Honestly, you should probably end your marriage asap. Not going to attack you or anything, but you are living a life that isn't for you. You don't enjoy your wife or your children. That does nothing for them. You want to just be a sponsor? Then do it. It's a shame you put her in this situation and I am sure she'd make life hell on you since she has taken the burden of the family and you have barely done anything.

If you have such disdain for the family life, end it now. Give her a chance to find someone who she can still grow with. Give yourself a chance to do...whatever it is you want to do. Maybe she'll find a good man that will be a good role model for your kids.


----------



## MisterJinx (Apr 13, 2016)

Thanks, Herschel. I understand where you're coming from, and I definitely anticipated some responses to that effect. 

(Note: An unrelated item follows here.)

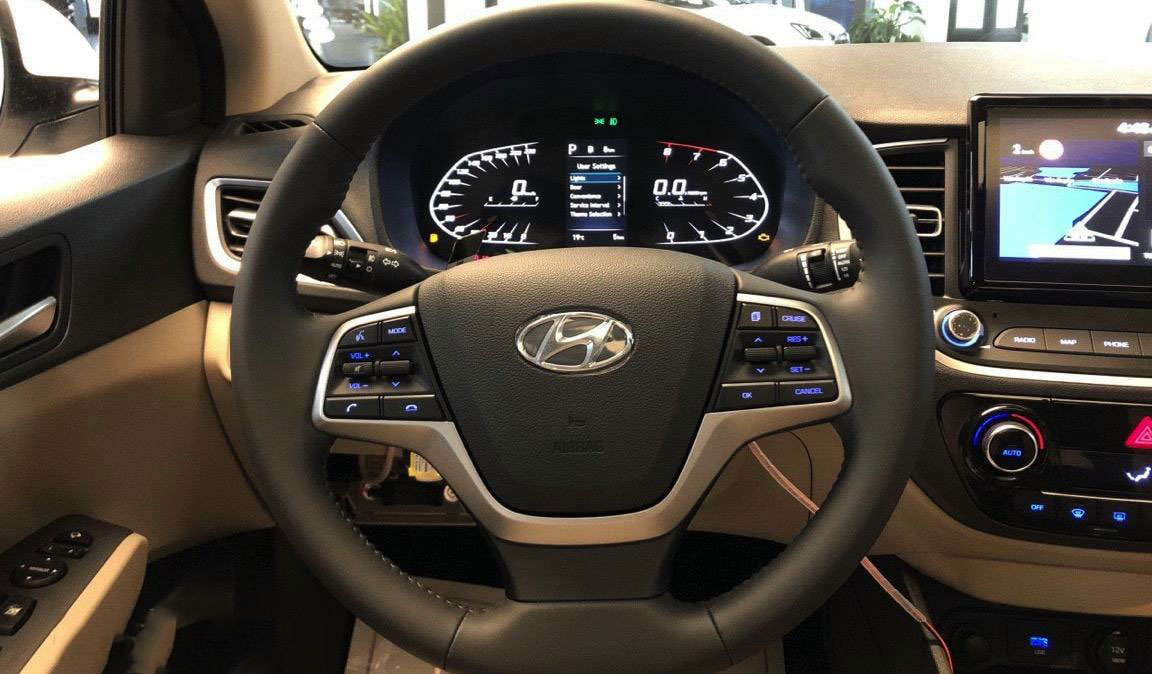Nội thất ô tô Hyundai Accent 2021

The odd thing to me is that growing up, and even as a young man, I thought I'd be a good father, and in some respects I am a good one. I care about my kids deeply. I check out their teachers, I researched the hell out of our school district, I make sure they get their Omega-3s, I talk to them as much as they'll listen, I read to the kids when I've been around, I teach them things whenever I am around and can, and so on. I've had people tell me I'd be a "good dad" my whole life, and I generally am a kind, sensitive, compassionate, and empathetic person. I don't think I'm a bad guy, although I guess nobody thinks he is. I just have a hard time spending a lot of time doing the activities they are into at this point, and I have the relatively uninteresting marriage I described.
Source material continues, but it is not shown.